I also extend hdfs-services with provider: debian_service. I've tried it with the default for Debian Jessie (provider: systemd) with same results.

/var/log/salt/minion:

[INFO    ] Executing command 'service hadoop-namenode status' in directory '/root'
[ERROR   ] Command 'service hadoop-namenode status' failed with return code: 3
[ERROR   ] output: * hadoop-namenode.service
   Loaded: not-found (Reason: No such file or directory)
   Active: inactive (dead)
[INFO    ] Executing command 'service hadoop-namenode start' in directory '/root'
[ERROR   ] Command 'service hadoop-namenode start' failed with return code: 6
[ERROR   ] output: Failed to start hadoop-namenode.service: Unit hadoop-namenode.service failed to load: No such file or directory.

Versions report:

                  Salt: 2015.5.0
                Python: 2.7.9 (default, Mar  1 2015, 12:57:24)
                Jinja2: 2.7.3
              M2Crypto: 0.21.1
        msgpack-python: 0.4.2
          msgpack-pure: Not Installed
              pycrypto: 2.6.1
               libnacl: Not Installed
                PyYAML: 3.11
                 ioflo: Not Installed
                 PyZMQ: 14.4.0
                  RAET: Not Installed
                   ZMQ: 4.0.5
                  Mako: 1.0.0
 Debian source package: 2015.5.0+ds-1~bpo8+1

I would like to debug this further but haven't debugged Salt much since I switched from Salt SSH to Master/Minion setup. Suggestions?

blbradley on 30 Jun 2015

Running, CentOS 7, Salt version 2015.8.8.2. Cassandra is affected by this as well. As a work around, running this kludge works:

cassandra_kludge:
  cmd.run:
    - name: systemctl enable cassandra
    - unless: systemctl -a | grep cassandra

cassandra_service:
  service.running:
    - name: cassandra
    - init_delay: 10
    - require:
        - cmd: cassandra_kludge

thequailman on 28 Apr 2016

👍3

This even made me update the bug in systemd again.
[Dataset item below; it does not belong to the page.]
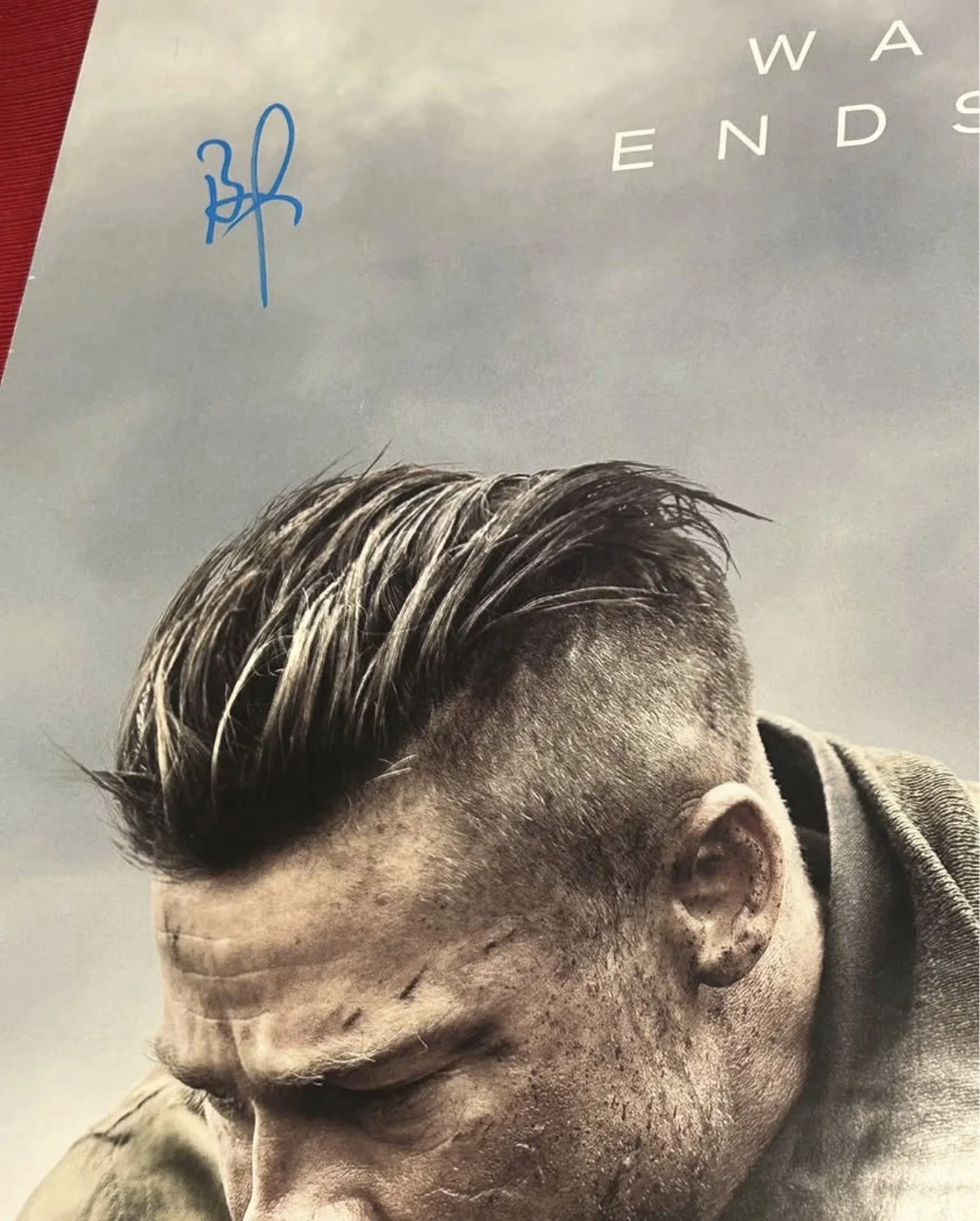 Brad Pitt — Fury Original Theatrical Poster 27X40 Signed by Brad Pitt, изображение 2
My test still confirm that there is no known way by systemd to list disabled services based on init.d/sysv scripts. The best current solution would be enabling/starting/stopping/disabling service and checking error code returned by systemctl - it will fail if there is no such service, but it will succeed if there is one without need to know upfront about it.

uvsmtid on 28 Apr 2016

I have discovered somewhat similar problem on Debian Jessie, when I deploy new sysv script and try to use service.running state. I get:

2016-11-28 13:59:10,206 [salt.state       ][INFO    ][1092] Running state [pgbouncer-web-login] at time 13:59:10.205771
2016-11-28 13:59:10,207 [salt.state       ][INFO    ][1092] Executing state service.running for pgbouncer-web-login
2016-11-28 13:59:10,209 [salt.loaded.int.module.cmdmod][INFO    ][1092] Executing command ['systemctl', 'status', 'pgbouncer-web-login.service', '-n', '0'] in directory '/root'
2016-11-28 13:59:10,229 [salt.loaded.int.module.cmdmod][DEBUG   ][1092] output: * pgbouncer-web-login.service
   Loaded: not-found (Reason: No such file or directory)
   Active: inactive (dead)
2016-11-28 13:59:10,230 [salt.state       ][ERROR   ][1092] The named service pgbouncer-web-login is not available

Whole idea is to create /etc/init.d/pgbouncer-web-login daemon which is modification (copy) of /etc/init.d/pgbouncer (pgbouncer does not yet support systemd), but with different ports, configs, etc. because of need to have multiple pgbouncer pools, but that's details.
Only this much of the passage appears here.